### Gamma factor

From now on, I will often use the notation $$\gamma = \gamma(v) = \frac{1}{\sqrt{1 - v^2}}$$

For reference, we note that $$\gamma \gt 1 \text{ for all } v \in (-1, 1)$$ and $$\lim_{v \rightarrow 1} \gamma = \infty$$

If we set $c \neq 1$, meaning we replace $$v \rightarrow \frac{v}{c}$$ then $$\gamma = \gamma(v) = \frac{1}{\sqrt{1 - \frac{v^2}{c^2}}}$$

### Proper time

In figure 4.5 we consider an event $E$ in the time-like region of a coordinate frame $O$.

Since the event is time-like, we can draw in the world-line of a clock ($O'$) travelling at velocity $v$ say, which intersects the origin $O$, at time $t' = 0$ and $E$ at time $t' = \tau$ as measured by the clock so that $\tau$ is the *proper time* between $O$ and $E$.

Nb. Remember that space-time is being stretched and squeezed, hence lengths and times on space-time diagrams are scaled according to which frame you are using to measure them. To help calibrate the scale of frames, we include relevant invariant hyperbolae, which allow us to compare lengths and times in all frames.

We would like to calculate the *coordinate time* of $E$ in the $O$ frame.

We could use Lorentz transformations, but we could also notice that the $O$ components of $E$ satisfy the two equalities $$\begin{align*}x - vt &= 0\\t^2 - x^2 &= \tau^2\end{align*}$$

Thus, $$\begin{align*}\tau &= \sqrt{t^2 - x^2}\\&= t \sqrt{1 - v^2}\end{align*}$$ or $$t = \gamma \tau \gt \tau$$ since $\gamma \gt 1$.

This means that the coordinate time $t$ is greater than the proper time $\tau$. This phenomenon is called **time dilation**.

In the limit, where $v \rightarrow 0$, $t \rightarrow \tau$ and we get back Galilean universal time. If we put $c \neq 1$ back in, $$t = \frac{\tau}{\sqrt{1 - \frac{v^2}{c^2}}} \rightarrow \infty \text{ as } v \rightarrow c$$

Notice that we cannot say the following about the event $E$. We cannot say that since we measured the event to occur at time $t$ in the coordinate (stationary) frame, then the time measured in the moving frame would be dilated - in a relativistic fashion. The problem with this is that $t$ isn't the proper time.
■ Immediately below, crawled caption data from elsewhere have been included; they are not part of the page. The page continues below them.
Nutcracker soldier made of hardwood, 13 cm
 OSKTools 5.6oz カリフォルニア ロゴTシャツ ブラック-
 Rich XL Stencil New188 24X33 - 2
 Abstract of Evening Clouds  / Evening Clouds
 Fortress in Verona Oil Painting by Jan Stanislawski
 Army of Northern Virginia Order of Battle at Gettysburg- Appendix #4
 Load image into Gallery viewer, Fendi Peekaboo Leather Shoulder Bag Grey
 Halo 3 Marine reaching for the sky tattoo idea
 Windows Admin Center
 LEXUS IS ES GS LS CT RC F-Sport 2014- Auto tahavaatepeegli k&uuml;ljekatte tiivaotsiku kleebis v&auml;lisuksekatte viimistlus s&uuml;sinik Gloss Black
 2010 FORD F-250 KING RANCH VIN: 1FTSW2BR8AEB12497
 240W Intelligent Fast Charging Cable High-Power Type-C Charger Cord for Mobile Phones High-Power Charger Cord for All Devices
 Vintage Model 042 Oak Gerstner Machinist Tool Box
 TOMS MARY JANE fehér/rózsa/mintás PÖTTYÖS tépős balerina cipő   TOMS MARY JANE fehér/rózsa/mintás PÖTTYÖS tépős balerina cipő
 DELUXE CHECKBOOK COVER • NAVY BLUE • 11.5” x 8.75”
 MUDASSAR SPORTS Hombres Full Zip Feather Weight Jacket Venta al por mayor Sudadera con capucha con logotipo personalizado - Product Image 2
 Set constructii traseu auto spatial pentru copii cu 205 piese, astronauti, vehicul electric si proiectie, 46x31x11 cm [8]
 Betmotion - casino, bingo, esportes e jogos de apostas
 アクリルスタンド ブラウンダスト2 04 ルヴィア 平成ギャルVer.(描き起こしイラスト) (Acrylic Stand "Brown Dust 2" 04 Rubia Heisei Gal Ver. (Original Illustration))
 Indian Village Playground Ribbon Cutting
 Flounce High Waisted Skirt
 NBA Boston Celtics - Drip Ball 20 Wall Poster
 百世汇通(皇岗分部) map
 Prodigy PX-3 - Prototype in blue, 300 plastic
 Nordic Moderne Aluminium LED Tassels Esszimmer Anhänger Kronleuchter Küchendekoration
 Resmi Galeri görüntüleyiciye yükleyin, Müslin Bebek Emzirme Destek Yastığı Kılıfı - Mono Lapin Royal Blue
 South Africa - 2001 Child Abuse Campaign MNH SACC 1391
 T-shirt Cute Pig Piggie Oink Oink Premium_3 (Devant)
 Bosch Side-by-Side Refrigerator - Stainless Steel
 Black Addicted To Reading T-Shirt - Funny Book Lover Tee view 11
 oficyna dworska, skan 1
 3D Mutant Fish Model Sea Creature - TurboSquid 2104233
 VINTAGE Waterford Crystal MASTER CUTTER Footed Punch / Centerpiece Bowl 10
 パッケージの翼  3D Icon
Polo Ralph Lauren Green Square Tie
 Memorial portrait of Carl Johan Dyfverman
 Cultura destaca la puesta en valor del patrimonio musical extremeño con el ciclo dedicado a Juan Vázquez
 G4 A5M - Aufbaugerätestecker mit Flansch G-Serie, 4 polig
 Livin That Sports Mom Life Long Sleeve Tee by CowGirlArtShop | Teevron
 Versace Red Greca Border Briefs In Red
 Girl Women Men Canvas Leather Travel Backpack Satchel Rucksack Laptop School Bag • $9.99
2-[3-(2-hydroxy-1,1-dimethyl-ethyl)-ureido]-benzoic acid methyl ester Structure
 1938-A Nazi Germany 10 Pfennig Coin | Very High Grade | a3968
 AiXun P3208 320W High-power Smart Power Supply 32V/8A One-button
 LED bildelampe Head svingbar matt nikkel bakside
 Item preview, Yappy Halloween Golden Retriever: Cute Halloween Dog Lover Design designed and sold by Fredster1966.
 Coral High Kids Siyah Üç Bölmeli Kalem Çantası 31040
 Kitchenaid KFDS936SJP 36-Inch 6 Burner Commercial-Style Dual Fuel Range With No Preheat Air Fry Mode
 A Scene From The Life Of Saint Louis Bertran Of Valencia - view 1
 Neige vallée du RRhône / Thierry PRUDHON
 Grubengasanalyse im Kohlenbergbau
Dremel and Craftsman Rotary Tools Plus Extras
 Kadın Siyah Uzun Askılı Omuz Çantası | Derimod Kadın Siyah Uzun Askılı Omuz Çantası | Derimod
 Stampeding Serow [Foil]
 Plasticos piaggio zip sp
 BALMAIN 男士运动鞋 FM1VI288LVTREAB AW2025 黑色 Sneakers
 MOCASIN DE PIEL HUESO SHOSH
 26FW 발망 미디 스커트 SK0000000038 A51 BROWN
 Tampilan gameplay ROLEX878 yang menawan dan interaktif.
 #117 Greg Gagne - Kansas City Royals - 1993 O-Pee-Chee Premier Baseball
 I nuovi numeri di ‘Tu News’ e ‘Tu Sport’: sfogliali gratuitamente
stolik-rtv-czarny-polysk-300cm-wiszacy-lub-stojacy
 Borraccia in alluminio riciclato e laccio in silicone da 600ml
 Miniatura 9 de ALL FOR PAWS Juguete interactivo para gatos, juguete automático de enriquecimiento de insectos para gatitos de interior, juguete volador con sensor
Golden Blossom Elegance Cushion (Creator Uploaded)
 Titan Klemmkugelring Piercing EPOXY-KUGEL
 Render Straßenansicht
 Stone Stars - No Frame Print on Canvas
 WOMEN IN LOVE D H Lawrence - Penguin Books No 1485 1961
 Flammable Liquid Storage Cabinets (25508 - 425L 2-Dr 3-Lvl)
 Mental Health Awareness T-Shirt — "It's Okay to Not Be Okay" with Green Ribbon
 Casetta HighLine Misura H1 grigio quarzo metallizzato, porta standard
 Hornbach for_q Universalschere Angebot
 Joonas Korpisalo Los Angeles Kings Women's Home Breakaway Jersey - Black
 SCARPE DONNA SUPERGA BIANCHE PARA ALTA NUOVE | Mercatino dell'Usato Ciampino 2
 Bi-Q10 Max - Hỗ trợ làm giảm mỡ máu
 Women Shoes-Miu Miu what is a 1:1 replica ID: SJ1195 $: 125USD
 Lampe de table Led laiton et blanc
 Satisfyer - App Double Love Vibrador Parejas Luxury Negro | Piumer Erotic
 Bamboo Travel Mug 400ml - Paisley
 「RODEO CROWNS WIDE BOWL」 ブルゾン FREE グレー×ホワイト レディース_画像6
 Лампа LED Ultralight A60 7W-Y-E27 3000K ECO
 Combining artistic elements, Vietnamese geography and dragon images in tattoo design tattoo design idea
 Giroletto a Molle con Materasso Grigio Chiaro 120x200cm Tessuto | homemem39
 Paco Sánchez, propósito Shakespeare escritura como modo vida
If we now consider that $E$ occurs a proper time $t = \tau$ in the *stationary* frame and compare it with the time as measured by the clock (moving at speed $v$) in figure 4.5, we would need to draw in the clock's line of simultaneity that intersects $t = \tau$, which is $$t - vx = \tau$$

But we also know, from Lorentz, that $$t' = \gamma\left(t - vx\right) = \gamma \tau$$

Hence, as before, coordinate time, $t'$ is greater than proper time, $t = \tau$.

### Twin ‘paradox’

Twins are born at a certain location, which we'll call the origin. One is born at rest and one is born with a certain speed, $v$. This is not a realistic experiment of course, just a thought experiment.

After a certain coordinate time $T$ say, the moving twin instantaneously reverses direction, $E_1$, comes back at the same speed as it went out with and arrives at the origin at the event $E_2$ at time $2T$, which the time the stationary twin experiences

The moving twin experiences twice the proper time $\tau$ between the events $O$ and $E_1$ (by symmetry the second leg of the journey will take the same amount of time as the first, for both observers), which is related to the coordinate time of $E_1$ by the

expression for time dilation, $$T = \gamma \tau$$

So, $$2T = 2 \gamma \tau \gt 2 \tau$$ and the stationary twin experiences more time than the moving twin. That is, the stationary twin will be older than the moving twin.

The supposed paradox is that surely, since everything is relative, we can reverse the roles of the twins - the stationary one is in fact moving at velocity $-v$ relative to the previously moving twin. Then, surely the previously stationary twin would age less than the previously moving twin.

The problem with this argument is that the roles cannot be reversed. It *must be* the case that the original moving twin has to experience some acceleration during the motion, whilst the stationary one *certainly* does not.

There are more subtle versions of this thought experiment, where we accelerate a twin gently from rest, then decelerate back to the starting point. In all versions, however, we are always assuming that clocks and meter sticks can withstand the required accelerations and not be disturbed by it in any way. This is an idealisation of clocks and sticks, of course, but a reasonable one.